Anyone can write a Star Trek novel.
Anyone.
Now, Kindle Desktop Publishing currently has some minimal content guidelines: no pornography (“That’s Smashwords’s job!”), “offensive content,” or copyright infringement. And maybe there will be additional guidelines for Kindle Worlds, specific to the franchise or property (“No Kirk/Spock, Geordi/Data, Bashir/Garak…”), and even restrictions against crossover fanfic (“Even though Amazon holds the licenses to both Star Trek and Mission: Impossible, you may not have Leonard Nimoy’s characters team up with each other”). But these are still de minimus controls, far from the overseer role that Paramount has traditionally taken over content, style, and quality. There is no way on the surface for you to ixnay blatant Mary Sues, or obviously politically-oriented stories that have the Enterprise deposing a Federation President who imprisons malcontents on the planet Guantanamo II, or a five-novel series in which Kirk comes down with the space clappe and Spock runs the ship like it should be run, dammit.
In other words, in exchange for whatever their cut is from Amazon, you give up entirely control of the franchise. Instead, you consent to having the franchise weakened and watered down but poorly written, derivative, wish-fulfilling fully licensed fan fiction.
Call me crazy, but I’m going to guess that Paramount (the real Paramount, not you) is gonna give it about 90 seconds’ consideration and then decide, “Aw, HELL no.”
Now. Here’s the other way in which I think that Amazon has really stepped in it with this.
As you may have noticed, there is something of a difference of opinion regarding the legitimacy of self-published works. Kindle and other ebook publishers have allowed some authors of quality to bypass traditional publishing and create a splash with self-published books, and a lot of readers who would have turned up their noses at something obviously self-published on paper ten years ago (if they even encountered it, as it wouldn’t show up in most book stores) will now give serious consideration to “indie-published” ebooks.
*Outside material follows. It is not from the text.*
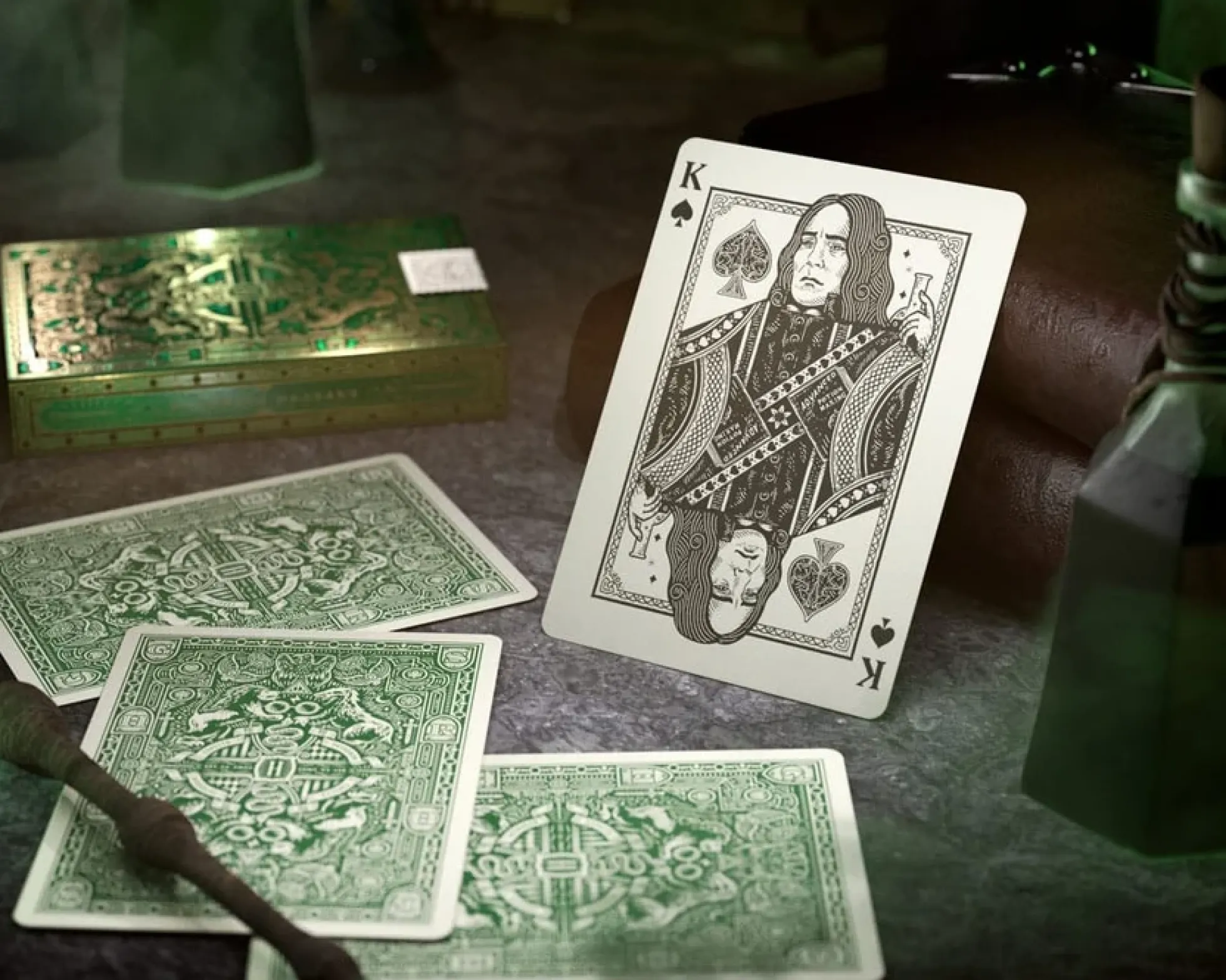 Harry Potter Spielkarten der Hogwarts-Häuser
But there’s still a lot of dross out there, as everyone who’s Aunt Mabel told them that their hidden-in-a-drawer first-and-only manuscript was really really good, never mind what those 119 stupid publishers said when they rejected it has now shoved it up on Amazon.
The proponents of traditional publishing — both the publishers themselves, and those at the top of the bestseller lists who see their own fortunes tied to that publishing model — play up the lack of gatekeepers in indie publishing as being evidence of its substandard output.
How much more traction will those voices for traditional publishing have if they can point to oodles and oodles of fan fiction as being the median output of Kindle Direct Publishing? High-quality self-publishers could end up tarred by association.
As I said, these negatives either aren’t seen or aren’t given much credence by most of the other commenters I’ve seen. I hope that I’m just out in left field. But I don’t think so.
I wonder how places like Fanfiction.net will be affected, if they are. After all, you can read thousands of fanfics for free there, many of them novel-sized. Many of them are extremely well written. Why would one want to pay for a fanfic of uncertain quality when there’s a treasure trove of it available for zero cost?